Read this chapter and watch this week’s videos. Afterwards go through the following assignments:

  • Install git (see Booklet)
  • Create a Github account (if you don’t yet have any)

Practical Task 1: Work on your own Github repository

  • Create a Git repository on GitHub or GitLab (you can call it e.g. “sandbox” or “just-trying-Git” 😉). Then clone it, edit a file, add, commit, and push your changes back to Github. Practical task 2: Contribute to someone else’s repository
  • Fork the following repository (it contains the file structure you should be already familiar with) : https://github.com/likeajumprope/BERD_course
  • Make a change to some of the files. For example, you can add a code comment (a command that is not executed) using the # symbol
  • Commit your changes.
  • Make a pull request to the original (my) repository. Make sure to summarize your changes and write a nice commit message.

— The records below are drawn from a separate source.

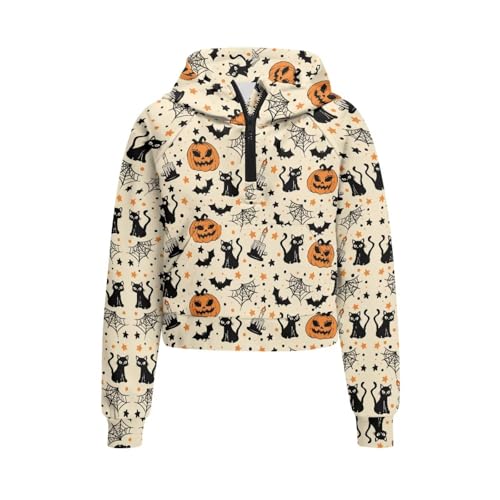 Girl's Zip Up Sweatshirt Kids Cropped Hoodies Trendy Clothes Size 5-14Y Fall Long Sleeve Pullover Tops Fall Coat3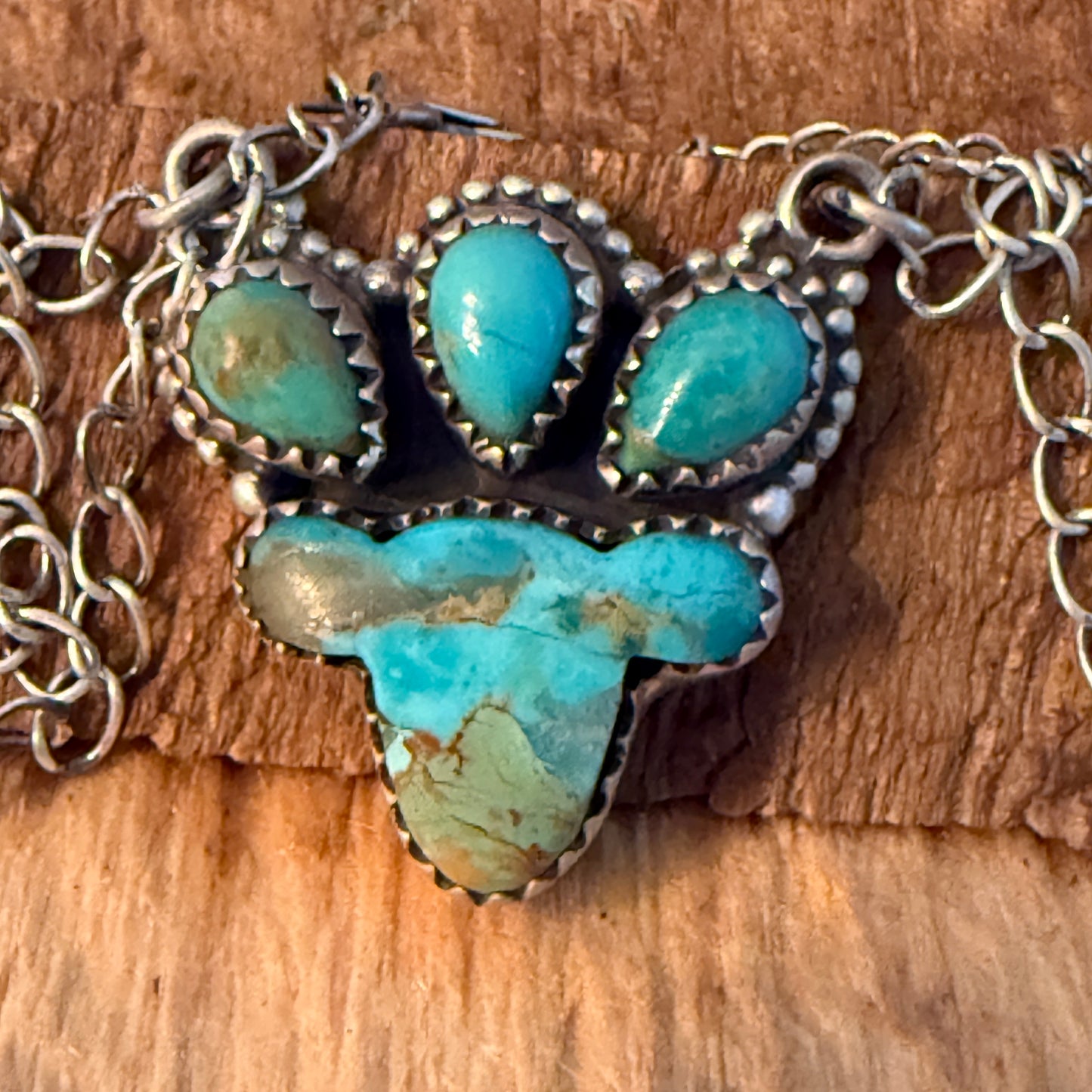 Handcrafted Turquoise Number Eight Gemstone Cluster Necklace In Sterling Silver Wild West Boho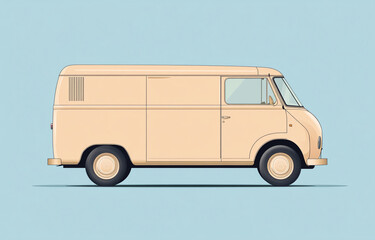 Vintage delivery van stands against a soft blue background showcasing its classic design and charm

Practical Task 2 (week 4): Practice using make

  • You will generate a simple plot from the existing sadata.csv file in the project folder of the repository you forked in Practical Task 1 (https://github.com/likeajumprope/BERD_course).

Step 1: Create a base R script

Create a file named plot_data_base.R in your project folder with the following content:

Read the CSV and make a simple base R plot

data <- read.csv("sadata.csv")

pdf("plot.pdf")
plot(data$date, data$SP.DYN.LE00.IN, type = "p", col = "blue",
     xlab = "Year", ylab = "Life Expectancy",
     main = "South Asia - Life Expectancy (sample)")
dev.off()

This script reads the data and creates a scatter plot saved as plot.pdf.


Step 2: Create a Makefile

In the same folder, create a file named Makefile with the following content:

plot.pdf: plot_data_base.R sadata.csv
    Rscript plot_data_base.R

clean:
    rm -f plot.pdf

⚠️ Use a real Tab (not spaces) at the beginning of the lines with Rscript and rm.


Step 3: Run and test

  1. Run the workflow:

    make plot.pdf

    → This creates plot.pdf

  2. Run it again:

    make plot.pdf

    → Nothing happens. The plot is already up to date.

  3. Add a comment to plot_data_base.R, save the file, and run again:

    make plot.pdf

    → The script will run again.

  4. Clean up:

    make clean

Questions for Reflection - What would happen if you deleted the plot.pdf file and ran make again? - What triggers make to re-run the R script? What doesn’t? - Why do we specify both the input data and the R script as dependencies in the Makefile?

Optional Tasks:

  • Create a Git repository for your current research project.
  • Think of things you would like to see improved in our course booklet (Alternatively: view the open issues) and choose one thing where you can make a contribution. Create a fork of the booklet project and then a pull request with your contribution and mark it in the respective issue.

Discuss your progress and potential issues with your accountability buddy.